Google Tag Manager to deliver the goods
For collecting data and moving it to app engine, we made custom tags that will capture the data from our web site and stream it to BigQuery through our app.
This is the part where I faced most the problems. Our data was sort of dynamic, as some events fire at a page and some not. Keeping it to GTM is fairly simple but we ran out of options when all these values are being stored in real time in a table. So deciding when to fire a certain tag, when to send certain data to BigQuery table or when to send a ‘NULL’ is also very important. Though this process wasn’t really painless and as clumsy as a regular developer can be, I made a lot of common mistakes like missing out a variable. So, it’s quite normal if the process doesn’t go as smoothly as you’d reckon.
Another problem with streaming was that I had to send all the values to all the fields. There were no defaults like if a field is missed it does not send NULL automatically. This also makes it necessary to know for sure what your schema will be before hand.
After banging our heads against the wall and using google to its fullest we resolved our errors and the app was successfully deployed and started streaming our data to google BigQuery.
Next step was to visualize our data and to plot some sort of forecast for it.
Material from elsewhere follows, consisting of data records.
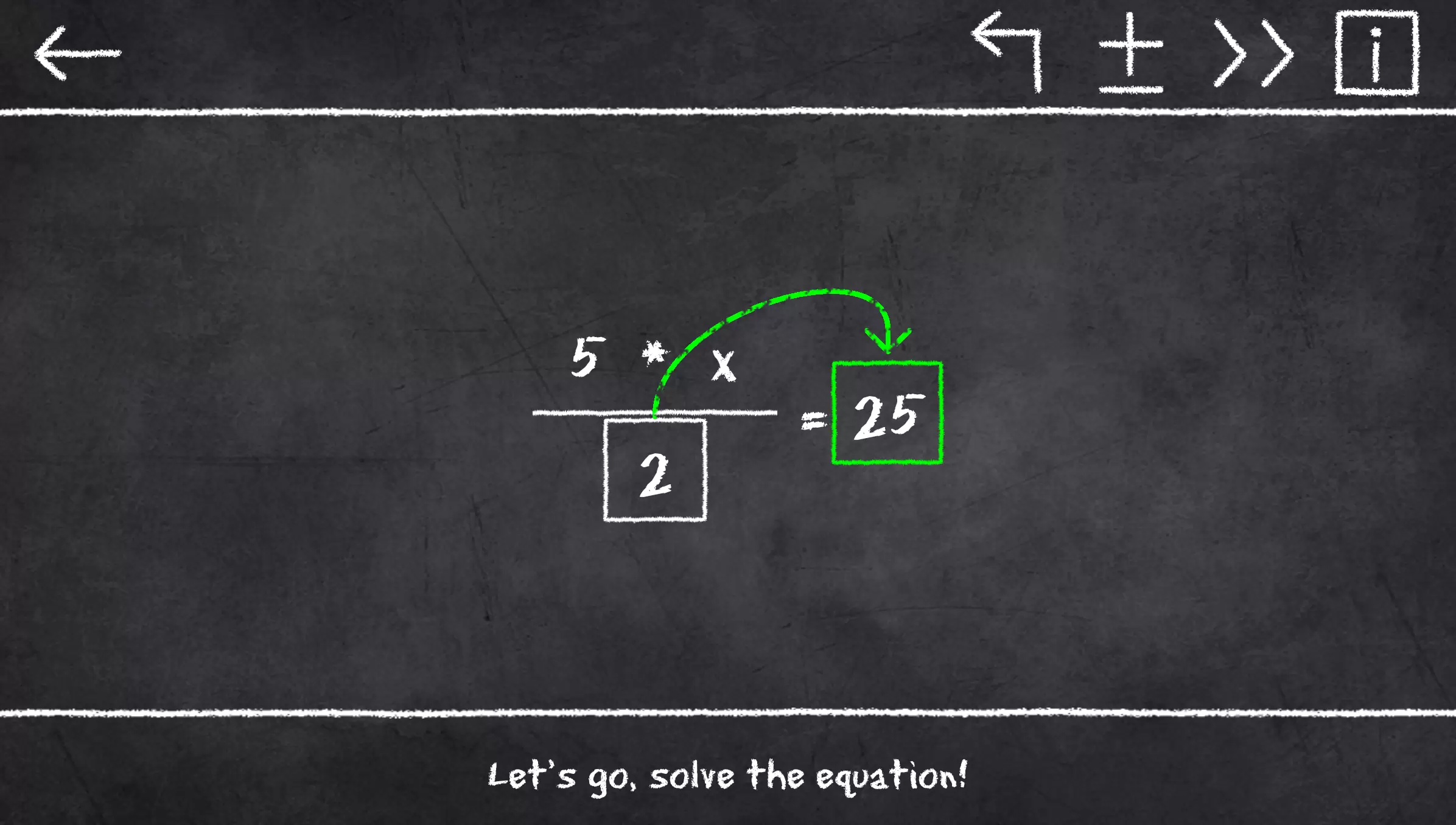 x=1: Learn to solve equations স্ক্রিনশট 4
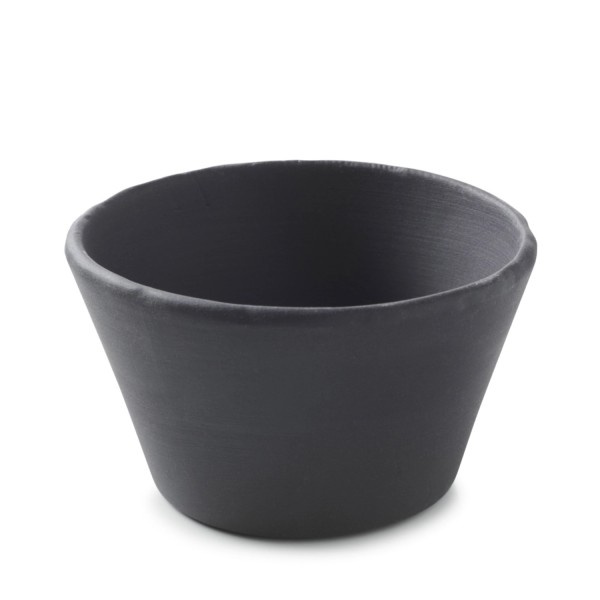 Basalt Schale stapelbar D7.5cm 100ml matt schieferoptik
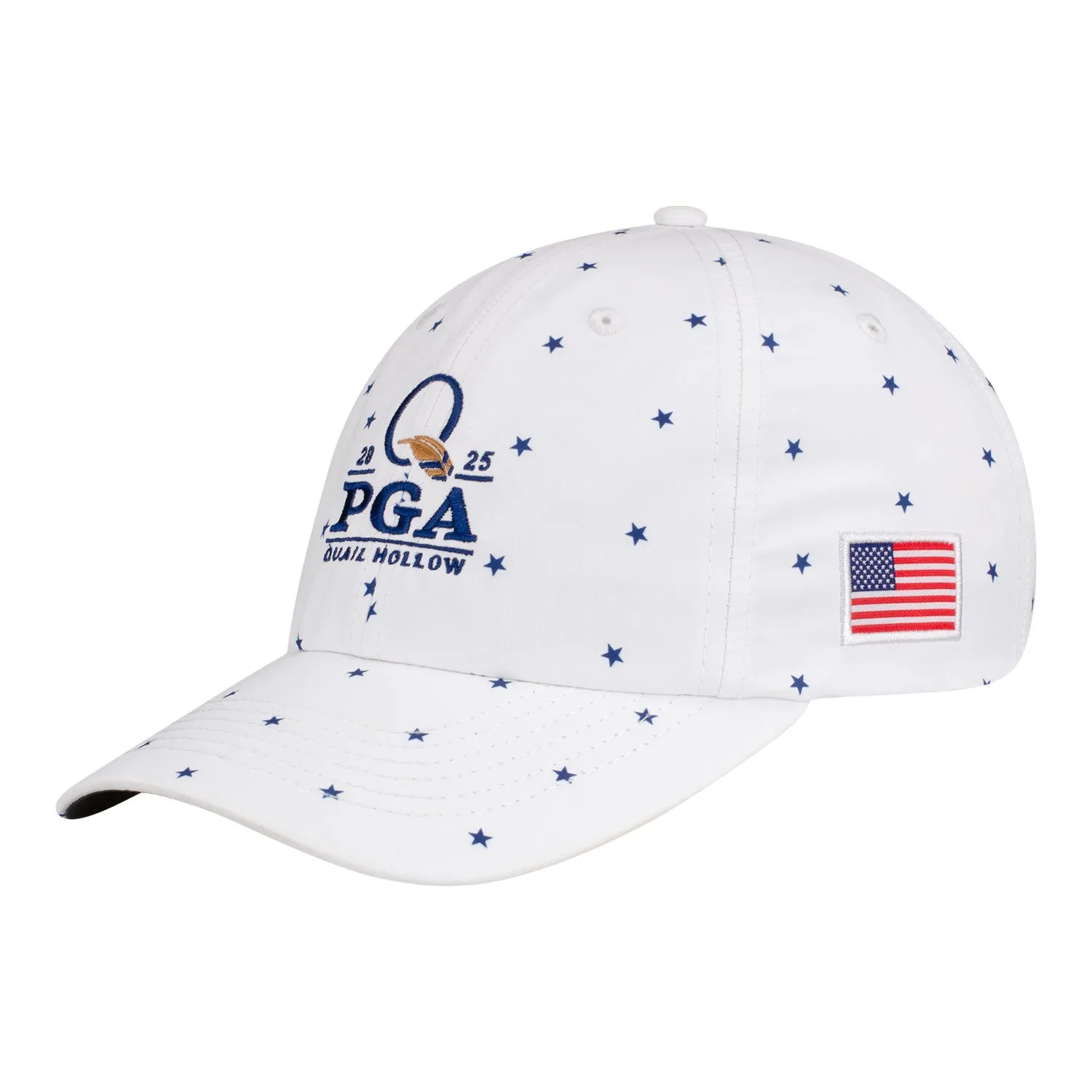 Imperial 2025 PGA Championship Stars Pattern Hat sold by PGA Tour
The best language to use for this purpose is R as it has over 7000 packages which deal with plotting, visualization and forecast.
If I am being honest here we knew almost nothing about working with this ‘alphabet’ cum language.
But there is a repo on github again by Mark Edmondson with R shiny app for visualizing and forecasting google bigQuery data.
First we tried to deploy the app to google cloud app engine but since it had only limited environments, we failed miserably in setting up a custom environment for our R shiny app.
After making a few changes to shiny app code and running it locally, a few issues with google authorization came up at first but luckily they were resolved.
Now the challenge at hand was querying and getting bigQuery fields. This problem was fairly silly because there is a check to see consistency in field names and used fields. Meaning we could only use the mentioned field in a variable. Querying anything less or more would generate an error and to be honest R errors are really weird and difficult to comprehend so it’s something you’d definitely want to avoid.
In the end, we successfully deployed the app to shinyapps.io through Rstudio which is basically click and deploy. Although, we still wanted to make a few more changes but not having any luck, we decided to give it a rest. Basically what the app shows is the number of hits per timestamp and a forecast for next couple of hours.
How was it?
This was fairly new experience for me though, painful but fun to do. Exploring different techniques and tools is always the best way to discover something new and to augment your skills.
Next time while working with something relatively new, I’d definitely be bombarded with problems and bugs, but I’ll make sure to share them with you along with a proper solution. Also a big thanks to Mark Edmondson who was very kind in answering what were surely to him noob questions.